Friday 24 March 2023

Joe Conley


            On Thursday morning I memorized the chorus and the first verse of "No Comment" by Serge Gainsbourg. There are a lot of repetitions and so it probably won't take me long to learn this song. 
            This was the last day of my fourteen day fast. 
            I weighed 85 kilos before breakfast, which is the heaviest I've been in 16 days. 
            The painters arrived at around 10:00 and I decided to put masking tape over the "Om" symbol that I made out of the number 3 on my door. But the masking tape I have is old and the tape seems to have mostly fused together so I can't pull off any decent strips. I told the guy I was going to go out to buy some more but he told me I could use his painter's tape. That worked much better because one can shape it somewhat to fit, but it took me an hour to cover the symbol. 
            I weighed 84.9 kilos before lunch and it's been a week and a half since I was that heavy. 

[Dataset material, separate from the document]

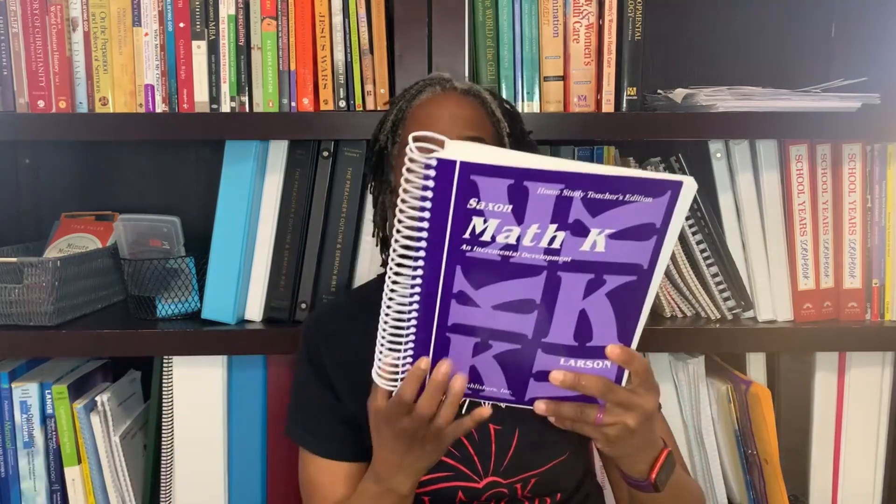Another thing some may find a problem with — I don't at this age — is that it is teacher intensive. There is no way that your kindergartner could go through this math curriculum on their own. If you're looking for something your child can possibly do independently, you'd want to navigate towards an online math curriculum. But at this age, I really want to be hands-on with my girls, so for me it was not a problem. You are sitting there with your child, navigating the entire lesson with them. This Saxon Math K is definitely teacher intensive.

            In the afternoon I took a bike ride to Bloor and Bathurst and on the way home I stopped at Freshco. I bought five bags of grapes, a pack of blueberries, a pack of raspberries, some bananas, lettuce, cucumber, scallions, two bags of avocadoes, white and brown mushrooms, broccoli, asparagus, balsamic vinaigrette, raspberry vinaigrette, hair conditioner, shaving gel, and a pack of paper towels. 
            I weighed 84.2 kilos at 17:45. 

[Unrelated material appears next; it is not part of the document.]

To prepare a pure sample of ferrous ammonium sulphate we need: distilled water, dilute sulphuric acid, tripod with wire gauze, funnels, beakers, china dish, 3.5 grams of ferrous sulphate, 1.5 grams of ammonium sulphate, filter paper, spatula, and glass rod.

            I was caught up on my journal at 18:30. 
            I worked on doing research for my essay. I skimmed through Herculine Barbin by Michel Foucault and the first hundred pages of his collection of lectures entitled Abnormal. The first is interesting because it's about hermaphroditism and how society sees it, but it doesn't really help my essay. In Abnormal he talks about the difference between how lepers and plague victims were treated. Lepers were fully exiled and even given funerals while they were fully alive before they were cast out. Plague victims were kept in society but separated into closely watched communities. I assume lepers were exiled because they were unsightly but Foucault doesn't get into that. 
            I had the final dinner of my fourteen day fast, which consisted of the usual avocadoes, tomatoes, scallion, and lime juice with a glass of Garden Cocktail. I ate while watching season 6, episode 7 of The Beverly Hillbillies. 
            Granny and Elly May return from the hills and Jethro picks them up at the airport in his tank.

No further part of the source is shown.